Personal information
- Full name: Deon Desmond Smith
- Born: 30 March 1968 (age 58) Stellenbosch, Cape Province, South Africa
- Batting: Left-handed
- Bowling: Right-arm fast
- Role: Bowler

Domestic team information
- 1991–1994: Boland
- 1993–1994: Boland B

Career statistics
| Competition | FC |
| Matches | 11 |
| Runs scored | 22 |
| Batting average | 2.44 |
| 100s/50s | 0/0 |
| Top score | 7* |
| Balls bowled | 1,533 |
| Wickets | 22 |
| Bowling average | 33.31 |
| 5 wickets in innings | 1 |
| 10 wickets in match | 0 |
| Best bowling | 5/80 |
| Catches/stumpings | 4/– |
- Source: CricketArchive, 1 September 2015

= Deon Smith =

South African cricketer

Deon Dewald Smith (born 30 March 1968) is a South African former cricketer who is the current coach of South Western Districts at South African provincial level. His first-class player career for Boland spanned 1991 to 1994.
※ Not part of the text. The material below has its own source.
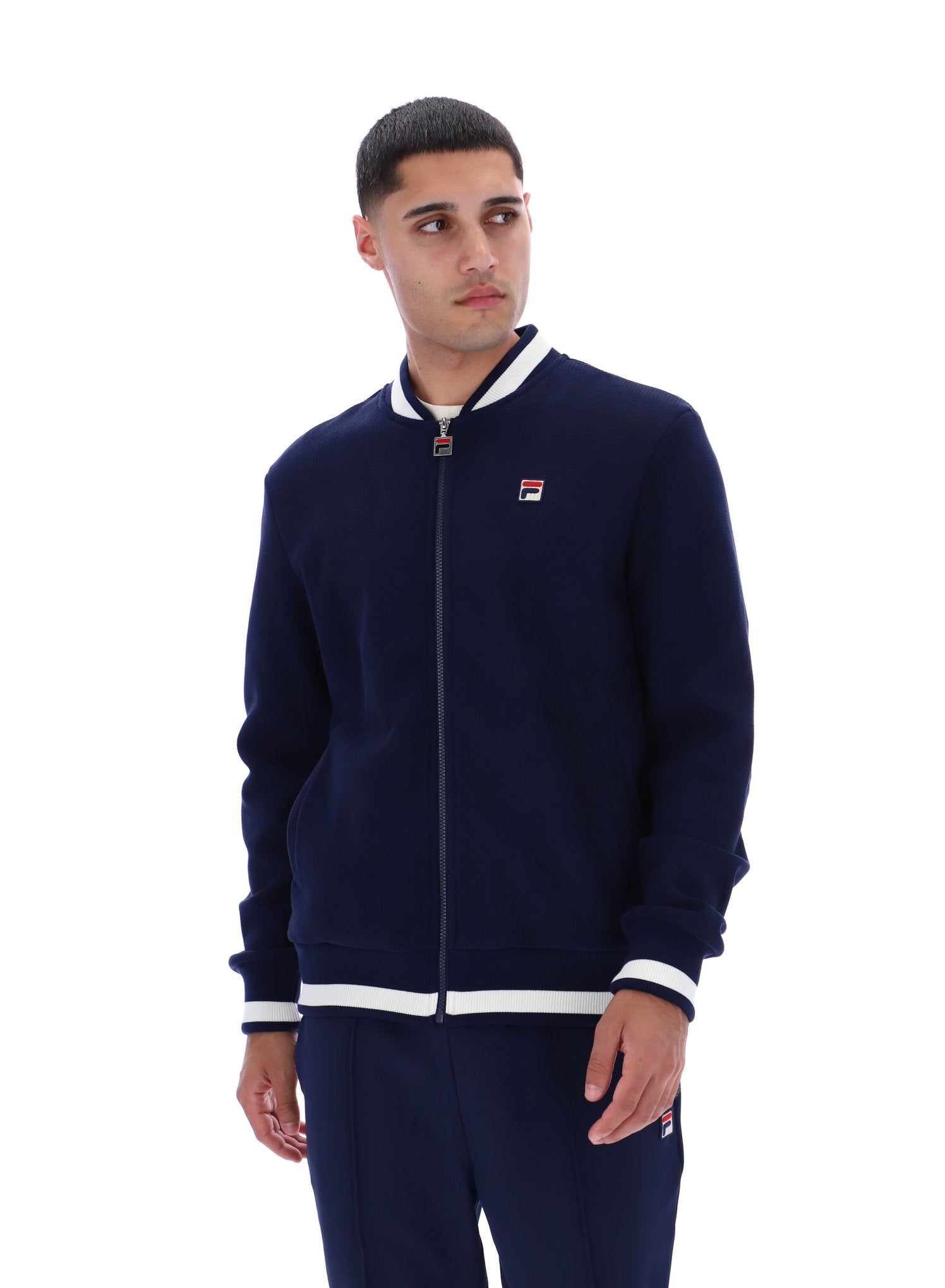Man wearing a navy tracksuit with white accents on a white background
Born in Stellenbosch, Smith made his first-class debut in January 1991, against Border during the 1990–91 season of the Castle Bowl (the second division of the Currie Cup). A right-arm fast bowler who batted with the opposite hand, in his first match he took 2/26 and 4/59, which included the wicket of South African international Peter Kirsten in both innings. Despite his debut performance, Smith played only irregularly for Boland over the following years, although he did play the entire 1993–94 season for the Boland second XI (known as Boland B). That team had gained first-class status for a single season only, following the senior Boland team's promotion to the main division. Smith's only five-wicket haul, 5/80 from 31.3 overs, came against Griqualand West in the first match of the 1993–94 season. His final match at first-class level came in March 1994, when Boland played the touring Australians. Smith finished his career with 22 wickets from 11 matches, and made exactly the same number of runs, which came at a batting average of only 2.44.
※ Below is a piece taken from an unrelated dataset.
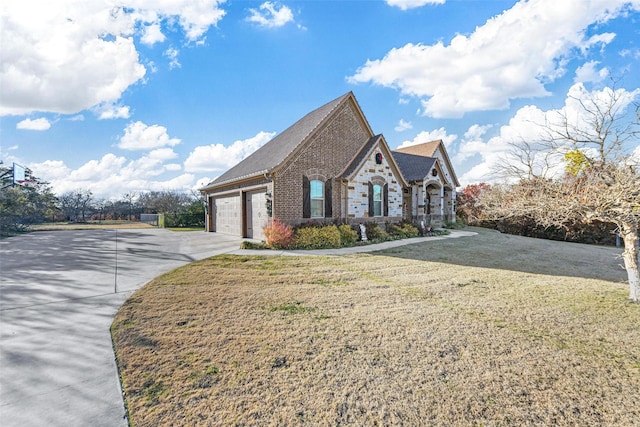 view of front facade with a front yard and a garage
Smith was appointed coach of South Western Districts for the 2006–07 season, its inaugural season in the CSA Provincial Competitions, and remained in the role until the end of the 2008–09 season. In August 2014, he was re-appointed coach of the team for the 2014–15 season, and in June 2015, it was announced that he had been retained for the following 2015–16 season, including the inaugural Africa T20 Cup.